De Villar de Vildas a Sonande

Natural de Villar de Vildas, concejo de Somiedo, llegó a Sonande, Cangas del Narcea, por amor o por la casualidad. Su vecino, Benito Álvarez Blasón, se enamoró. Dieciocho años mayor que ella, se trasladó y compró terrenos en Sonande y se estableció como ganadero. Tras dos o tres años, ya asentado, “escribió una carta a mis padres a ver si me dejaban casarme con él. Nos conocíamos del baile”, rememora Marcelina. “Antes las cosas eran así”, añade entre risas. Poco después, un once de junio de 1940, “recuerdo que era tiempo de hierba”, contrajeron matrimonio: “mi padre tuvo que responder por mí en La Pola (Pola de Somiedo) porque yo era menor de edad”, explica. Y así, una joven, casi niña, hija de Manolo, “un hombre muy bueno y muy inteligente, no es porque lo diga yo”, salió de Casa Juanito para atender un casería y la ganadería porque su marido sabía mucho de cómo labrar la tierra o manejar las reses pero poco de economía familiar.

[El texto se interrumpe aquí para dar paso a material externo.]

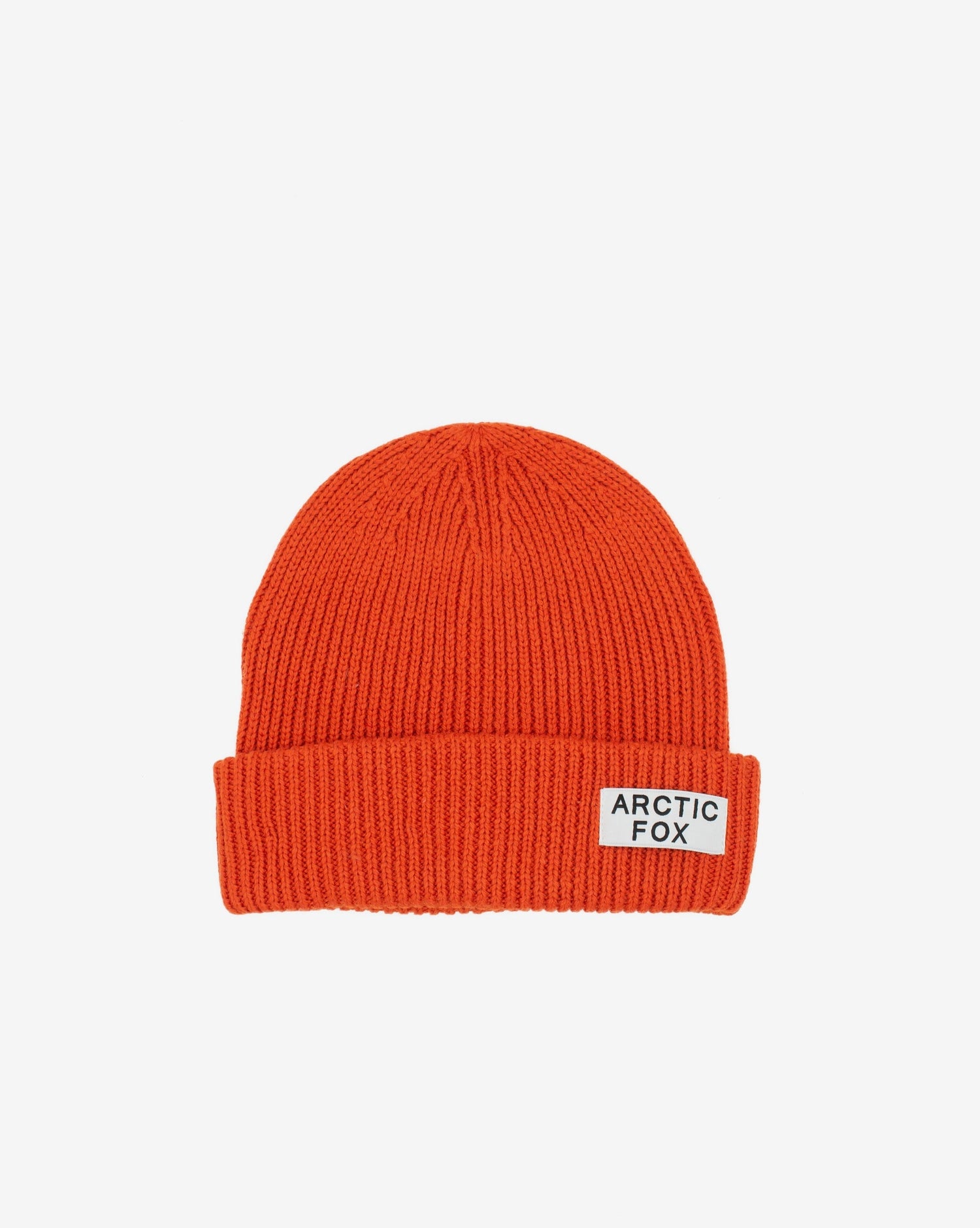 The Recycled Bottle Beanie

A sus casi 97 años, que cumplirá el mes que viene, afirma que, a pesar de todo “la cosa no me pintó mal. No me faltó que comer pero tampoco me faltó trabajo; tuve que agarrarme al picón”. Madre de dos hijas, Carmen y María Irene, bregó siempre “con todo” y muy duro, “mucho tengo trabajado, como una burra”. Lo testimonian sus manos, cálidas y firmes, pero “abrasadas de artrosis”.

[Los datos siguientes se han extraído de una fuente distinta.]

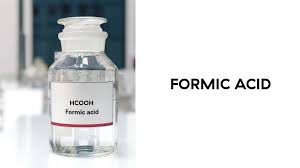 🧪 Formic Acid (HCOOH) Supply Request – Syria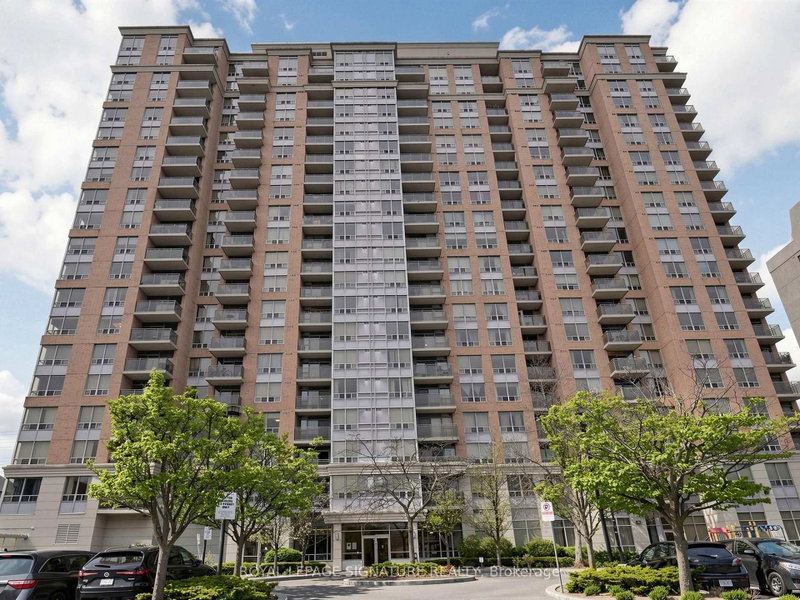 708 - 55 Strathaven Drive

Un esfuerzo desgarrador para el oyente pero habitual de los días en activo de nuestra protagonista. Los huesos le cedieron con los años, casi un siglo, de tanto despachar ganado, dar de comer a vacas de carne, “que también antes daban leche, ahora nada”, labrar la tierra, cortar escanda o amontonar pasto, “pero no tomo ninguna pastilla. Hasta los 95 años no fui al hospital por un dolor en una pierna.  No tenía ni historial”. Todo ello sumado al trabajo de la casa y al cuidado de dos niñas.

No se quejaba, había que hacerlo para salir adelante. Ella vino de tiempos peores, vivió la Guerra Civil de 1936 con 14 años: “Lo pasamos muy mal. No había que comer y éramos nueve hermanos. Sobrevivimos a cuenta de leche. Subíamos a la braña La Pornacal y ordeñábamos una vaca y con eso pasábamos. También comíamos papas y patatas cocidas”. Con la crudeza de la situación, “eran gente muy mala”, reconoce bajito: “nos volvimos muy ladrones. Nos teníamos que buscar la vida; no había ni sal”.

El matriarcado es notable en casa de Marcelina. Está feliz rodeada de los suyos. Vive con una hija Carmen y con su nieto Benito, ahora titular de la explotación, su mujer y la hija de ambos. María Irene no vive lejos, al lado. Su bisnieta, Alicia, a sus 15 años despunta con claras dotes de ganadera: “le gusta mucho. Es muy trabajadora. Ya ceba las vacas cuando su padre no puede”. Pero ésa, será otra historia.